While the emphasis of the article on Thiel’s Roth IRA takes on the task of trying to somehow compare an “average” investor’s potential gains with the unimaginable magnitude of Thiel’s windfall, this is something that makes sense as a valid perspective, but the obscenity is nearly lost in the opaque fog of numbers beyond comprehension.

For example: your Peter is basically gifted 1.7 million shares by the company he was one of the founders of (along with Elon Musk and the rest of the so called “PayPal Mafia). That “purchase” costing less than $2000 based on the ridiculous price of $0.001 per share was used to found a Roth IRA.

The engineered numbers were no accident: at the time, in 1999, a Roth IRA account had a maximum allowable contribution amount of $2,000. Since the shares were “below fair value”, the fact of which was admitted by PayPal in an SEC filing from the time just before the company went public, the value increased massively, by 227,490% in the first year. Which increased the value of the paltry $2k up to $3.8 million.

Though obviously not enforced, regulations at the time forbade this kind of “stuffing”. Meaning, the initial trade that launched this scheme was possibly illegitimate, if not unlawful. Or, as ProPublica more kindly phrased it: “Investors aren’t allowed to buy assets for less than their true value through an IRA. “

As a matter of fact, according to the article, the “stuffing” was so successful that no further contributions were ever made into the account after that initial 1999 sum.

Since a Roth IRA allows a person to trade stocks within the account tax free, as long as no withdrawals are made, this large but still comprehensible sum was the start of a 20 year use of the tax statutes to build a fortune of over $5 billion without paying a single penny in tax.

Hitting $870 million in value by 2008, by 2019 the tax free enterprise, built on the less than $2000 initial contribution (stock “purchase”), ultimately ballooned to 96 sub-accounts with holdings of $5 billion.

Ok, so that’s the short summary of the mind blowing numbers. For a more detailed account, by all means visit the original article.

The numbers are outrageous, but the entitlement and arrogance is on a whole other level

The part of the story that should spark outrage is not in the numbers but begins where the almost inhuman greed, hubris and hypocrisy at this good fortune grows apace with the size of the tax free bonanza. Because Peter Tiel is not just any run-of-the-mill untaxed billionaire.

The endlessly expanding windfall he received, tax free, did not engender a mindset of charity or gratefulness at his miraculous providence.

Above: Photo Collage / Lynxotic

Instead Thiel, once the wealth lent him a position of power, preached and pushed the idea that the US government, the same one that he was able to avoid paying taxes to, was guilty of over-taxing people like him (and poor people too).

He spent millions of dollars in an effort to influence Republican politicians and groups that have anti-tax agendas, to change the laws in ways that would add even more advantages to his already preposterously privileged position.

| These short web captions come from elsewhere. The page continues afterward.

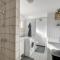 4 Bedroom Gorgeous Home In Aakirkeby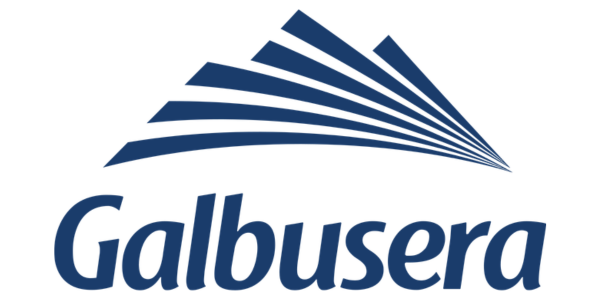 Galbusera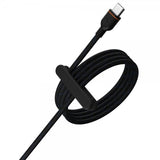 Unisynk USB-C/Lightning Kaapeli MFi 2m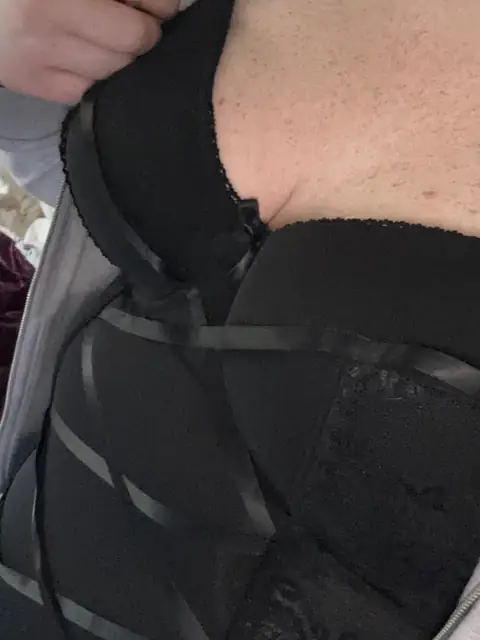 Valk on OnlyFans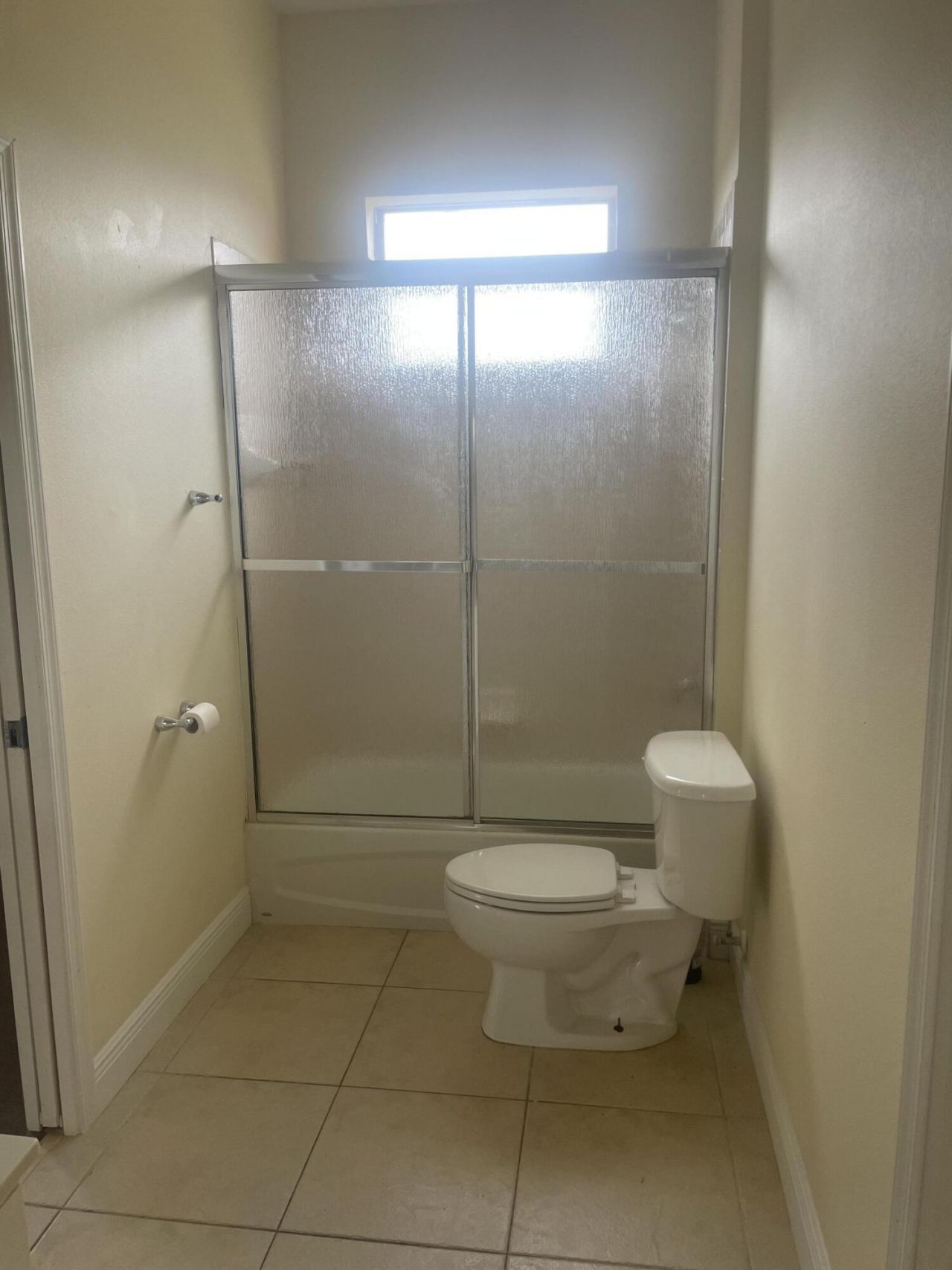 2643 SW Harem Circle, Port Saint Lucie, FL 34953 Photo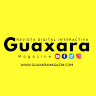 Foto del escritor: Guaxara Magazine
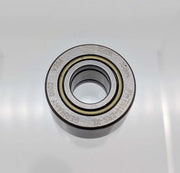 INA PWTR15-2RS-XL Yoke Track Roller Bearing 15mm Bore 35mm OD 19mm Width 1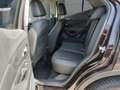 Opel Mokka Color Innovation 1.6 D MOKKA 1.6D COLOR AHK-abnehm Braun - thumbnail 9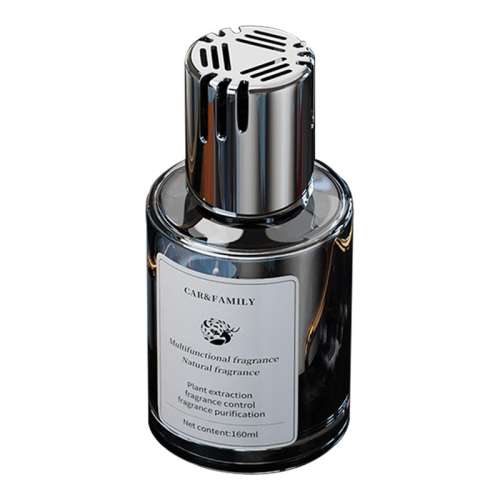 ڲ ӻ-ӻԭ160ML1ƿװ ޹2024¿ˮճζڳʿ߼аڼ7.9Ԫ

Then this: as per ProPublica: “In 2016, he became the rare Silicon Valley titan to endorse Donald Trump.”

And, in an arrogance that is as incomprehensible as the size his effortlessly expanding fortune, he espouses the belief that people like him are entitled to these kind of spoils because, after all, without him we might have to live without PayPal and….wait for it…. Facebook.

Yes, you heard that right. In 2004, Thiel used his IRA to buy $500,000 worth of shares in a, then private, company called Facebook, which was the first big outside investment in Zuckerberg’s soon to be massive monstrosity.

By using his IRA funds to buy shares of the start-up he was able to avoid tax on all the future gains of those shares. (ProPublica, in excellent investigative reporting, uncovered this tidbit by combing though Facebook court documents).

So, again, ostensibly, based on his well known statements, we are not only to congratulate him on his clever method of avoiding any taxation whatsoever on the first gambit with the PayPal shares, but we ought to effusively thank him for helping Facebook to become the dangerous purveyor of surveillance and phantom tollbooth Ponzi empire that is it today?

In perhaps one of the greatest illustrations of how power corrupts, this idea that because he was able to amass a fortune on such a massive scale without the burden of any tax whatsoever, he is somehow a hero to be emulated, is the real reason for us to be outraged.

That an average person might be lucky to turn $2000 into $250,000 over two decades, as was illustrated in detail in the article, while Thiel easily turned it into $5 billion, is outrageous, yes.

But the real “crime” is that it was done with zero benefit to anyone except him and other Silicon Valley insiders at companies like PayPal and Facebook.

Could it be argued that Facebook is a gift to humanity? Well, in 2021 that would be a tough argument to put forth without being laughed out of the room. And PayPal? It’s doubtful that Satoshi Nakamoto has to fear competition from any of the PayPal Mafia (including Mr. Musk) when the crown for greatest financial innovator of the century is awarded.

In a revelation that could have received more page inches, the article also exposes a second, possibly more plausible reason, regarding why Thiel went to great lengths to bankrupt Gawker Media, which he blamed for outing him as Gay. That politically convenient motivation could very well have covered up the real reason:

Again, as per ProPublica:

“In a story headlined, “Give Me Liberty or Give Me Taxpayer Money,” Gawker Media, citing anonymous sources, revealed that Thiel held his Facebook investment in a tax-free Roth.”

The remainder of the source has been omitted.